Line up all your projects where you can see them. You can use post-it notes, index cards, or a spreadsheet, but one of my favorite tools for prioritization is Trello.

For each project on your list, figure out:

  • How important is it to your overall goals as an author?
  • How long will it take you to complete the project?
  • When is the optimal time to complete the project?
  • How will the project move you toward your goals? Will it make money? Generate traffic?
  • How bad would you feel if you don’t ever complete the project? Would it really matter?

After you answer these questions, use them as a score and rank your projects against each other. Order them from highest priority — all things considered — to lowest priority.

How to Prioritize Your Writing Tasks

Now that you have your list of projects in order, you need to determine how you’ll go about doing the actual work to finish your projects.

Prioritization will help you out here, too. This time, though, you’ll be ranking the smaller, session-by-session tasks that will take you from first blank page to finished novel (or whatever your goals is).

Here’s how:

Start with the project on top of your priorities list.

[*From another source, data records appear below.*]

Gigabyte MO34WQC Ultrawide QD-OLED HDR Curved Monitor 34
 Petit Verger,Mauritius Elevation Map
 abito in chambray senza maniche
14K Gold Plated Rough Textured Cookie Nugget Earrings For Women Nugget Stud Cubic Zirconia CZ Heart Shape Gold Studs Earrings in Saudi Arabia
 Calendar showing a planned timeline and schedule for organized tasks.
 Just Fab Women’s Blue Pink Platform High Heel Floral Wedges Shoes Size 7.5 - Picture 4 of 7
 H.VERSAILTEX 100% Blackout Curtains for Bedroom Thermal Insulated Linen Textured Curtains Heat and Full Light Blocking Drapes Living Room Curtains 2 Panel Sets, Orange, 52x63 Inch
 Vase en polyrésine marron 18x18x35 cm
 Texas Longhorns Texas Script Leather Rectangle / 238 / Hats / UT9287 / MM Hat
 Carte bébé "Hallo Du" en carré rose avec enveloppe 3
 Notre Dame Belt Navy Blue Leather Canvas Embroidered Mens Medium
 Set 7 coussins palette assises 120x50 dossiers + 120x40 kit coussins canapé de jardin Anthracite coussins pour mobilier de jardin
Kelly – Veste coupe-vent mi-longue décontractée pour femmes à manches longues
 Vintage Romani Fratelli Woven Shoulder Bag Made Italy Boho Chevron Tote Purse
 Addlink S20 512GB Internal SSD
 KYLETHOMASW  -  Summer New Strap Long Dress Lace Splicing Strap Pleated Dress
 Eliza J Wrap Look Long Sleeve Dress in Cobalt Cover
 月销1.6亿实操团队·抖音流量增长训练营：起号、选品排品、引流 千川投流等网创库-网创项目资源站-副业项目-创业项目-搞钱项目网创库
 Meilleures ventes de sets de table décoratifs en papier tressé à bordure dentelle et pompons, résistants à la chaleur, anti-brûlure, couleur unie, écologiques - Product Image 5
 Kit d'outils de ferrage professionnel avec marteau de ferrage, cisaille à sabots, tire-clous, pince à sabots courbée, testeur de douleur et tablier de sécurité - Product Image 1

  • If you haven’t done so already, break down that project into a series of tasks, each of which is bite-sized in some way. Some divisions you might consider:
    • Chapters for a novel or how-to book
    • Individual blog posts for a new website
    • Bullet points from your project outline
    • Any other unit of work you can complete in one or two sittings
  • For each item in the task list developed above, ask these questions:
    • How risky is it to my project if I don’t finish this task?
    • How risky is it to my project if I don’t finish this task?
    • How long will it take to finish this task?
    • Am I sure this task can’t be broken up further? (If yes, chunk it up and start the task-level prioritization over from the top.)
    • When do I need to finish this task in order to complete my project on time?
  • Armed with these “scores,” rank the tasks from highest priority to lowest priority.
  • Repeat these steps for the next project on your overall priorities list.

Depending on how closely your projects rank to each other in terms of overall priorities, I would recommend having task-level priorities available for 2-4 projects at a time. That way, you always know what you should be doing at any given writing session.

How to Use Your Priorities

So there you have it: a list of task-level priorities to drive your writing efforts for the foreseeable future.

Your destiny is set, for better or for worse.

OK, maybe it’s not quite that dire.

In reality, you should maintain some flexibility in your schedule or you risk burnout. No one is a robot who can just chug through the same list day after day.

So how should you use your priorities list? As usual — in this post, at least — I have some bullet points:

  • Open your prioritized list of writing tasks.
  • Open your weekly writing schedule.
  • Start at the top of your priorities list and match that task to the first time slot that fits the anticipated completion time for the task. Schedule it.
  • Alternatively, schedule the task across multiple time slots if it won’t fit in one.
  • Move on to the second task and the third and so on.
  • Schedule out your work for the next week or two.

You’ll run into situations where none of the work in your top project that fits any available time slots. In those cases, you can move to your second project and start plucking priorities from there.

And, once you knock out a few of your top priorities from your top project, you may decide that your second-level project needs some love.

When that happens, you’re all set, because, once again, all you have to do is start at the top of Project 2 and slot those high-priority tasks as soon as you can.

Not only does prioritization help ensure you stay on track with your writing goals, it also gives you the freedom to be flexible with your work, and to flex with confidence.